More and more, the clean energy economy is powering communities all across our country. Elected leaders from dozens of states, including my home state of California, see the economic benefits that clean energy industries bring to local economies. That's why I've championed efforts in Congress to strengthen Property Assessed Clean Energy financing, which makes critical energy efficiency, water conservation and resilience upgrades more accessible for the owners of homes and businesses.
PACE is built on the principle that property owners should be able to access affordable long-term financing to make these upgrades, even when they don't have the upfront capital those projects often require, and provides a convenient way for borrowers to repay their loans through their property-tax bills. PACE financing is voluntary, costs nothing to taxpayers and has been overwhelmingly successful for nearly 200,000 American homeowners.
Last summer, however, PACE financing in California encountered one of its few roadblocks when some local real-estate brokers and mortgage lenders, raising unwarranted concerns about mortgage delinquencies and defaults and alleging widespread consumer abuses, mounted an effort to roll back PACE financing. These efforts came despite the clear benefits for the vast majority of residents who've used PACE to affordably install solar panels, LED lighting, insulation and other energy-efficiency upgrades. Hundreds of local governments have continued to adopt PACE financing programs, a clear sign that they understand the economic and energy saving value it brings to our communities.

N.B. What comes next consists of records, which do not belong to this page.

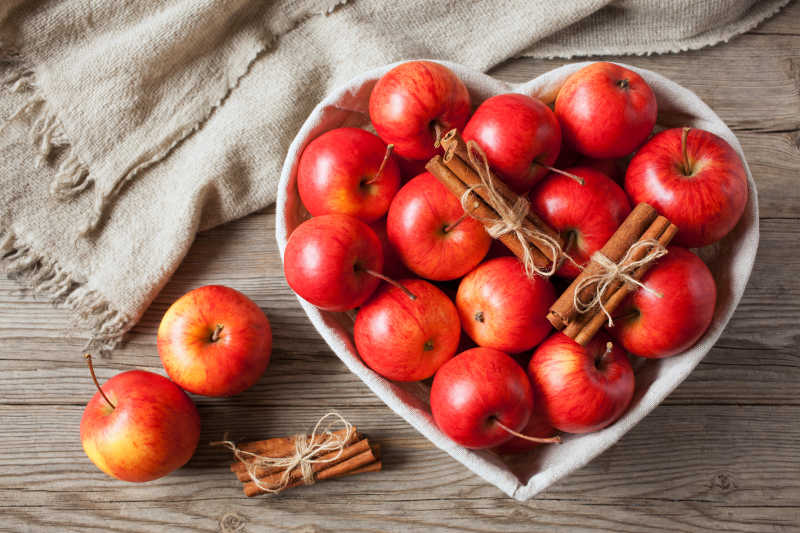 木质桌上的红苹果和肉桂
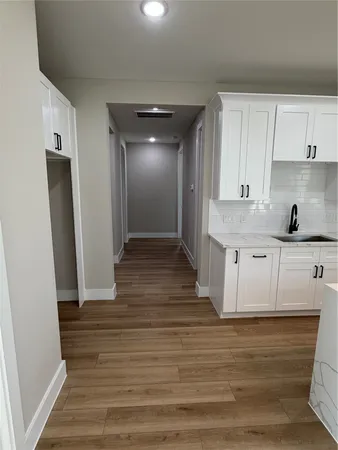 a view of a kitchen from the hallway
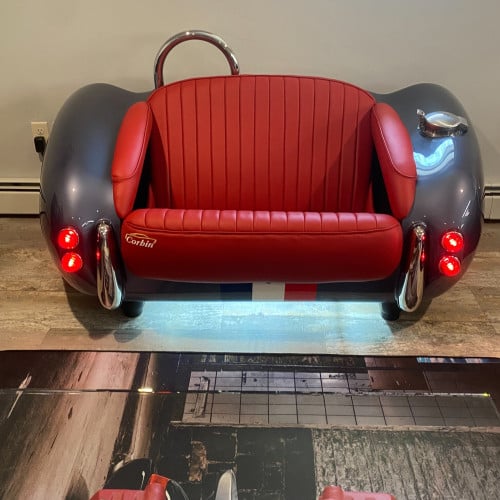 Metallic Silver Cobra with Red Leather Couch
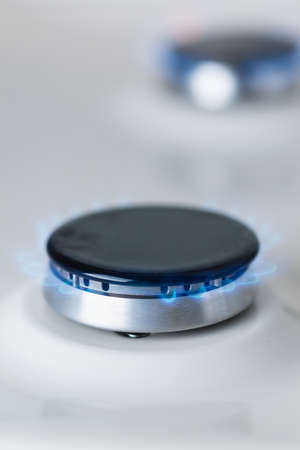 Close-up of a black burner of a white enameled gas stove with a blue fire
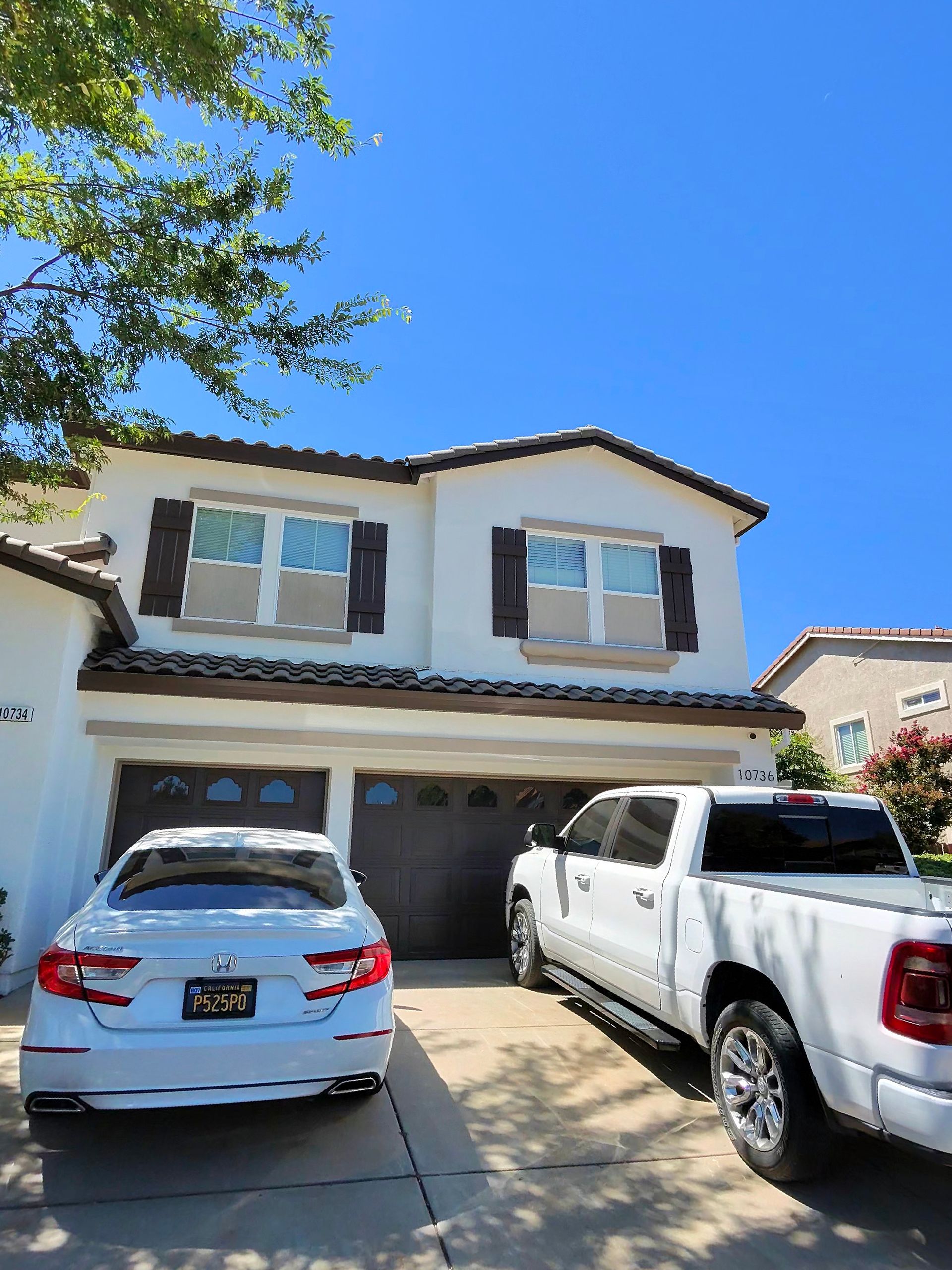 Two-story suburban house with two parked vehicles in the driveway under a bright blue sky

PACE continues to evolve, particularly to the benefit of working-class families. The California legislature recently passed comprehensive consumer-protection legislation that strengthened PACE financing for homeowners. Two bills signed into law by Gov. Jerry Brown came after a year of working closely with consumer advocates, real-estate professionals, banks and other stakeholders. But while California's new regulatory framework serves as a model for other states, we must be cautious of advancing any efforts that would threaten the very foundation for why PACE was created: convenience, choice and affordability for everyday Americans.
Considering that more than half of our nation's housing stock was built before 1980, the growth of PACE comes at an opportune time. Homeowners who have taken advantage of the program will collectively save nearly $1 billion on their utility bills during the lifetime of their completed PACE projects. California is set to save more than 10 billion gallons of water and reduce carbon dioxide emissions by more than four million metric tons because of PACE.

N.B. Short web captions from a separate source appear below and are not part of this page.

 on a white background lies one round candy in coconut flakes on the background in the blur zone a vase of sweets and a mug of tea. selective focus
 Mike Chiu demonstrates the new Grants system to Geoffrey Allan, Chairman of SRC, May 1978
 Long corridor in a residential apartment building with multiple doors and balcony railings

As an added bonus, PACE has created more than 40,000 jobs, reinvigorating many local economies. What's more, recent studies have decisively rebutted claims of PACE-induced mortgage delinquencies and defaults. Independent research by the credit-rating agency DBRS, for example, shows a healthy multi-state residential PACE market, stating that "PACE delinquency metrics are lower than general aggregate property tax and single-family residential only property tax delinquency levels."

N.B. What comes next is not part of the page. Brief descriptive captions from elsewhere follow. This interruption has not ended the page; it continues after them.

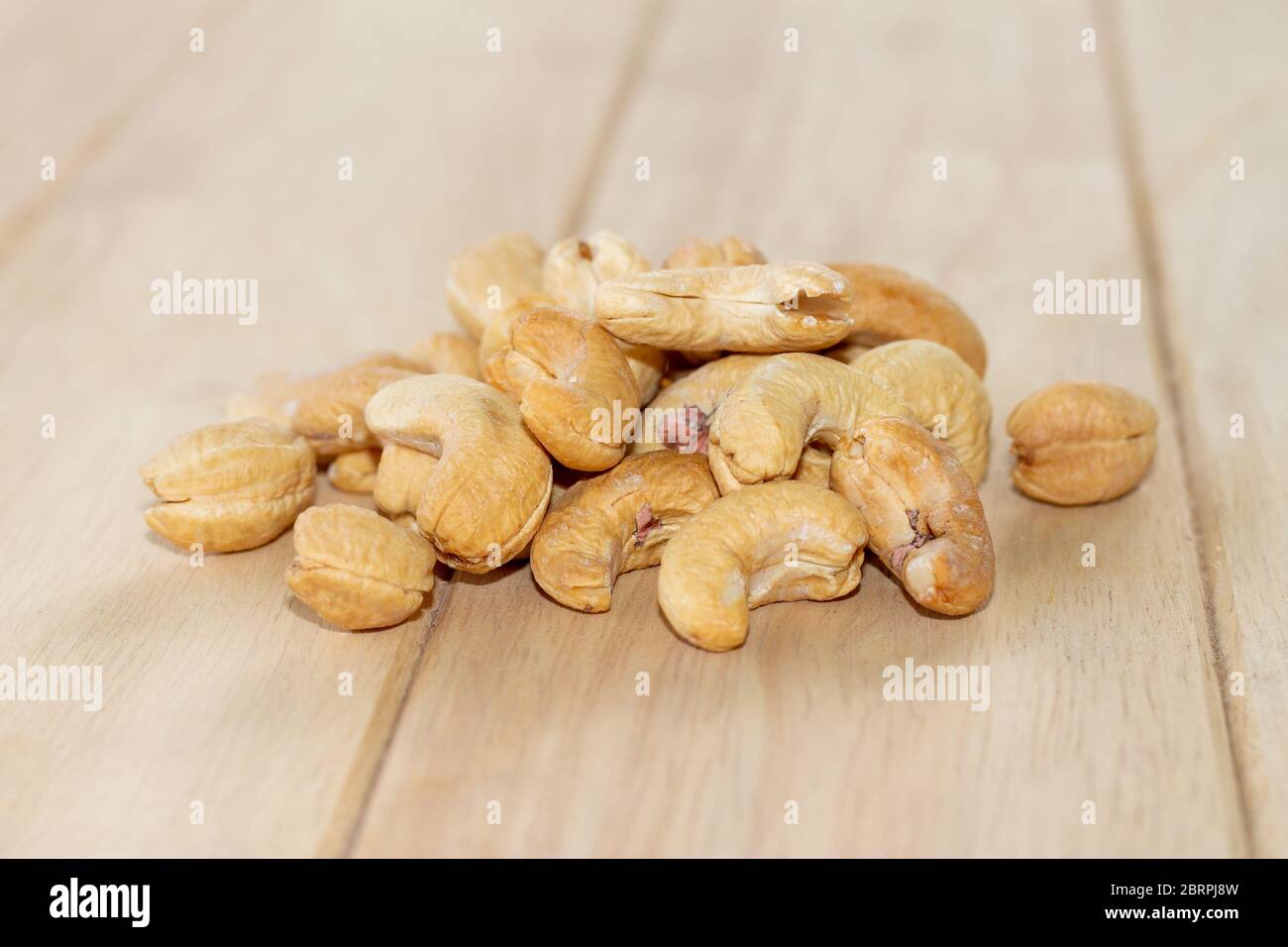 Many Roasted salted cashew nuts  on wooden background Stock Photo
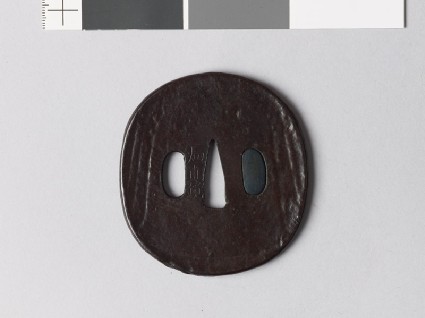 Lenticular tsuba with mitsudomoye, or three-comma shapesfront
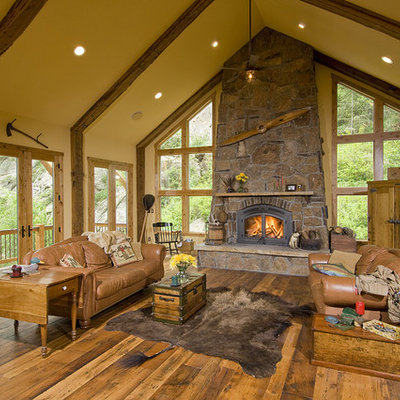 Living room - mid-sized rustic formal and open concept dark wood floor living room idea in Denver with a stone fireplace, beige walls, a standard fireplace and no tv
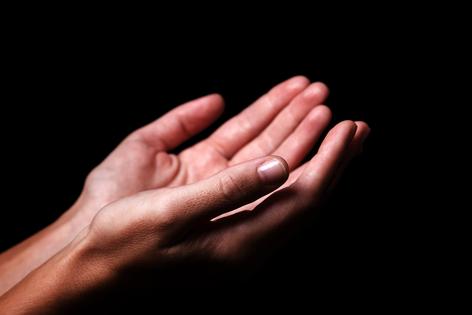 Praying hands. Dreamstime/TCA
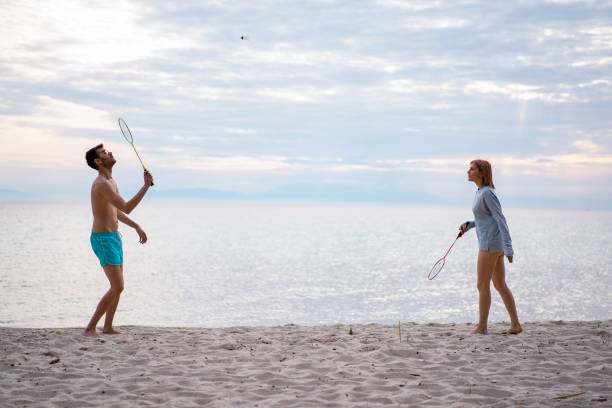 Friends playing badminton Friends are playing badminton on the sandy beach. badminton racket stock pictures, royalty-free photos & images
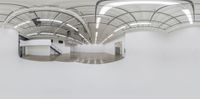 a white room with circular lighting on it and concrete floors inside and under the roof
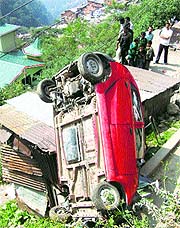 Onlookers gather near the overturned car near Sabzi Mandi in Shimla on Monday.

The opportunity to help homeowners live in stronger homes that are more energy-efficient, comfortable and secure for their families is an exciting prospect for communities across our country. It's equally important to ensure the consumers are protected so they can effectively choose financing tools that work for them.
The real story of PACE is that it is an economic powerhouse. Its benefits can now be felt in more than 500 U.S. cities and counties. The outlook for state and local leaders who wish to unlock private capital to create local jobs, protect our environment and help property owners strengthen their homes has never looked brighter.